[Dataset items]
——————
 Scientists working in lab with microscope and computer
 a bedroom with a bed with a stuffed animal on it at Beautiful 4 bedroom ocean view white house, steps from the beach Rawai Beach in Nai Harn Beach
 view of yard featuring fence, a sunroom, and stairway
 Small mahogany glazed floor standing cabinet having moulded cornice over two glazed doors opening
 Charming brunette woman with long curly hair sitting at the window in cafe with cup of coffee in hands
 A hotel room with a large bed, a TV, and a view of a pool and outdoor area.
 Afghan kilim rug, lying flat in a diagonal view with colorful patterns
——————
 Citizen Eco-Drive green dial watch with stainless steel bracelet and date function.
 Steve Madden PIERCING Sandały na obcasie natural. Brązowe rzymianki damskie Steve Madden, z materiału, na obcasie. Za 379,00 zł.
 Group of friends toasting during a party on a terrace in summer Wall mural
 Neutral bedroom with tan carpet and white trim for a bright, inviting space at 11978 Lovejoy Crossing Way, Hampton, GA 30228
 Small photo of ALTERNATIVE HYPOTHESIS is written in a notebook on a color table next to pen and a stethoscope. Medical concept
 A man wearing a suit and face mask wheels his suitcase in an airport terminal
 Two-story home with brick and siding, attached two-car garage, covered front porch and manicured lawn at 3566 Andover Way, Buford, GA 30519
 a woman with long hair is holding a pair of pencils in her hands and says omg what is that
——————
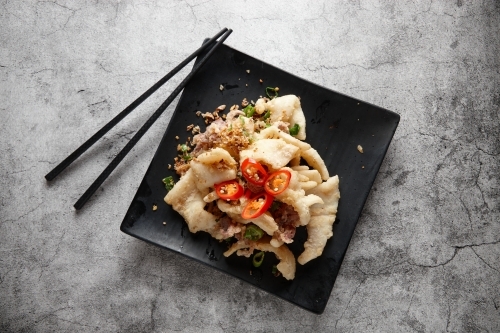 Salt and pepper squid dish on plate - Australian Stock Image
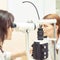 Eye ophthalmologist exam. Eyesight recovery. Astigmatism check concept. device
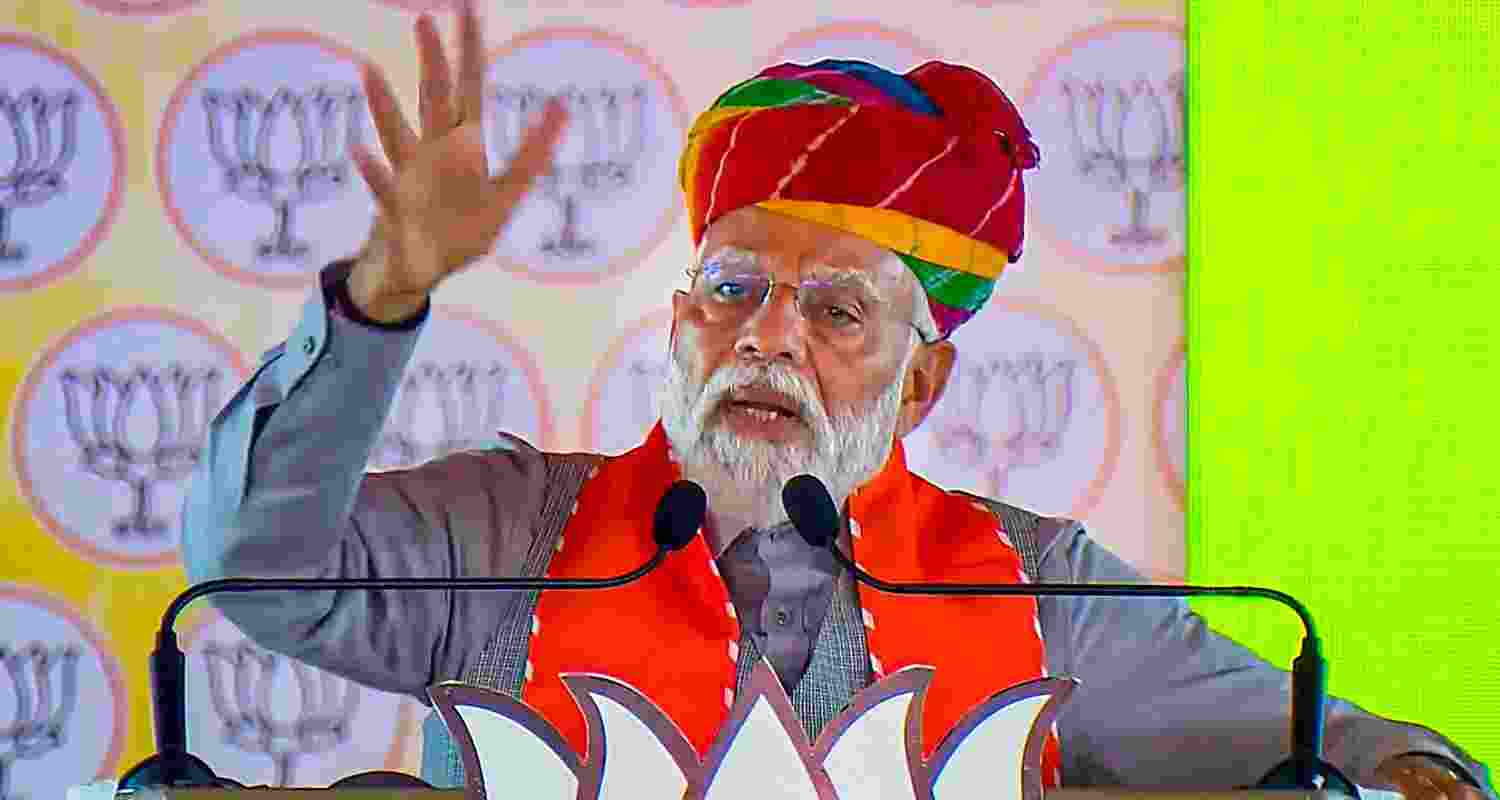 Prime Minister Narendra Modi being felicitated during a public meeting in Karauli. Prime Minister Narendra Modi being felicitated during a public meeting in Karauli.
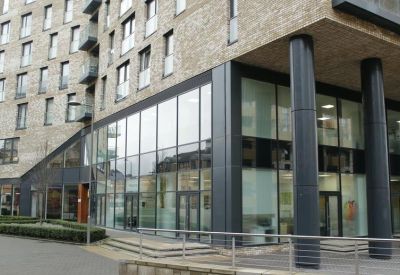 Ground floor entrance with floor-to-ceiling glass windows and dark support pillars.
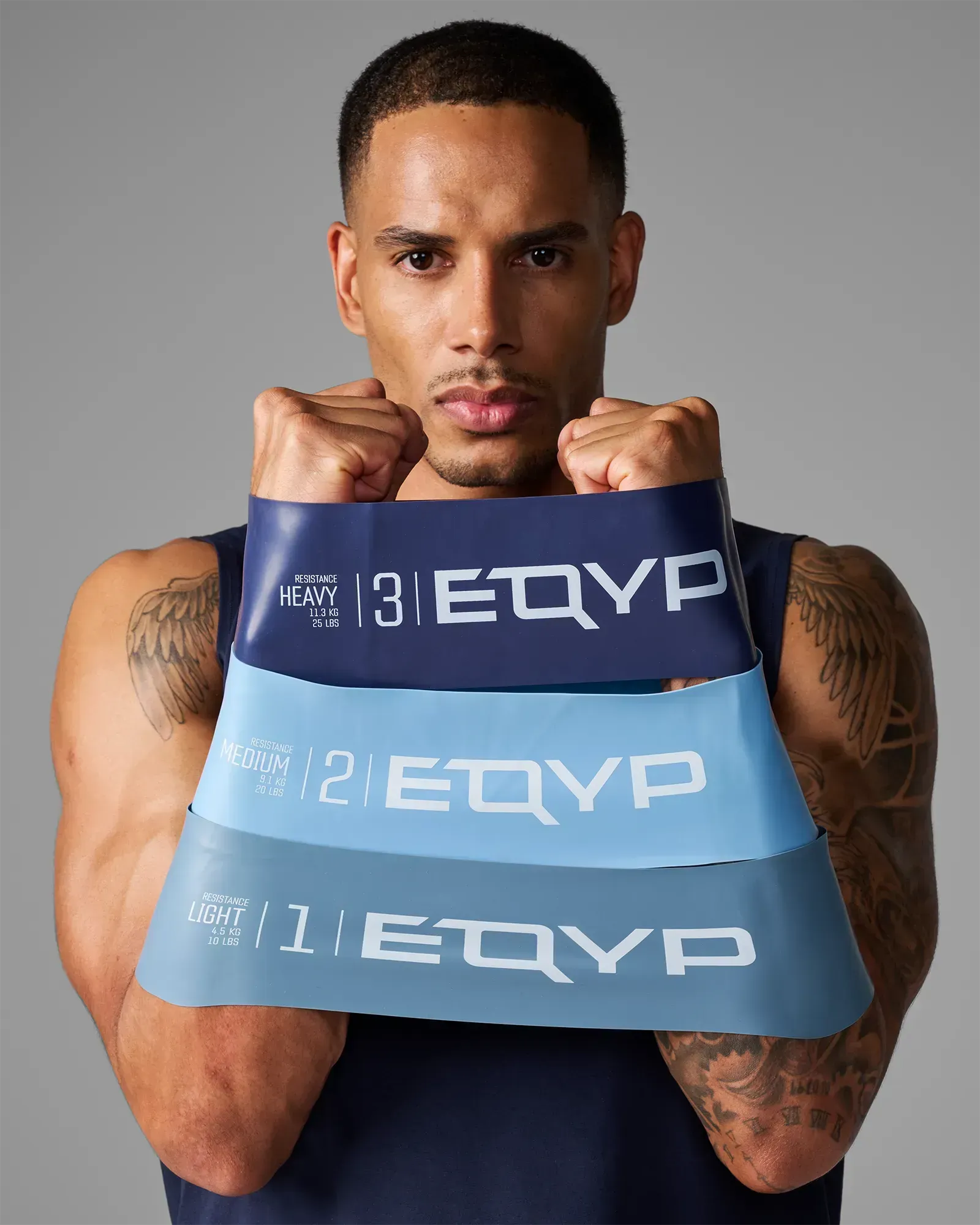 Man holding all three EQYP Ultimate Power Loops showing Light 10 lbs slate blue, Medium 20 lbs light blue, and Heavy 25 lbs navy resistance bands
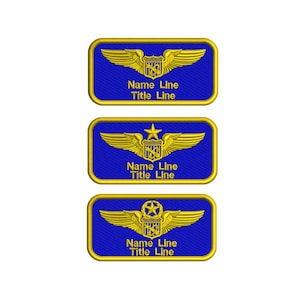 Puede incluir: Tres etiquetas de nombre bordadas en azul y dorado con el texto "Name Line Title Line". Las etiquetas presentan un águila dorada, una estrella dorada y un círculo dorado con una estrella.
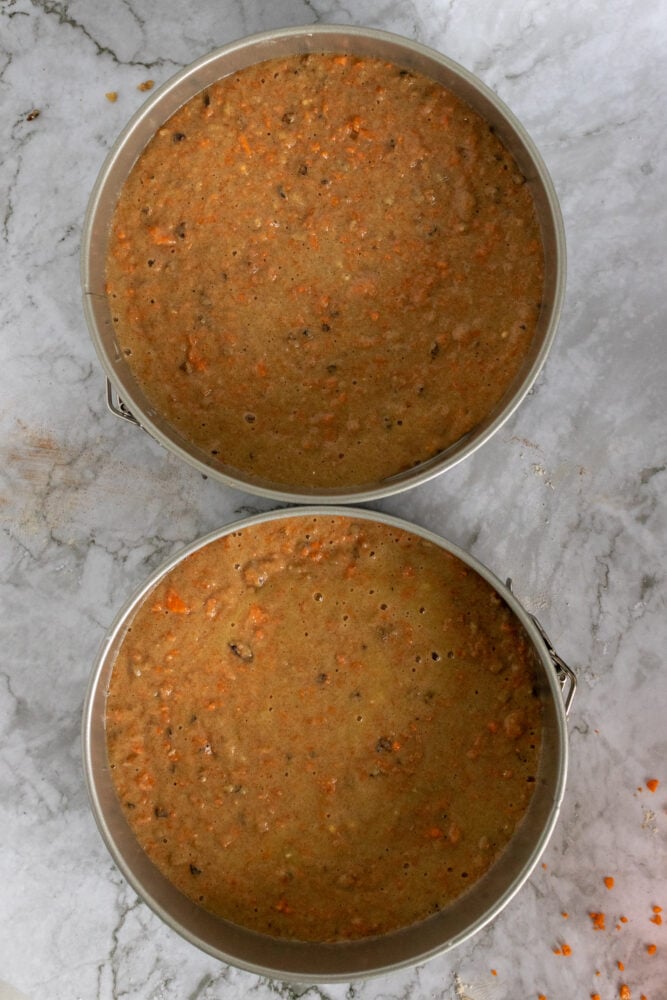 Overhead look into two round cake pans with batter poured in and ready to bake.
——————
Exercise directions: Wherever the word "hands" appears in the entries above, copy that whole line.

The answer:
 Charming brunette woman with long curly hair sitting at the window in cafe with cup of coffee in hands
 a woman with long hair is holding a pair of pencils in her hands and says omg what is that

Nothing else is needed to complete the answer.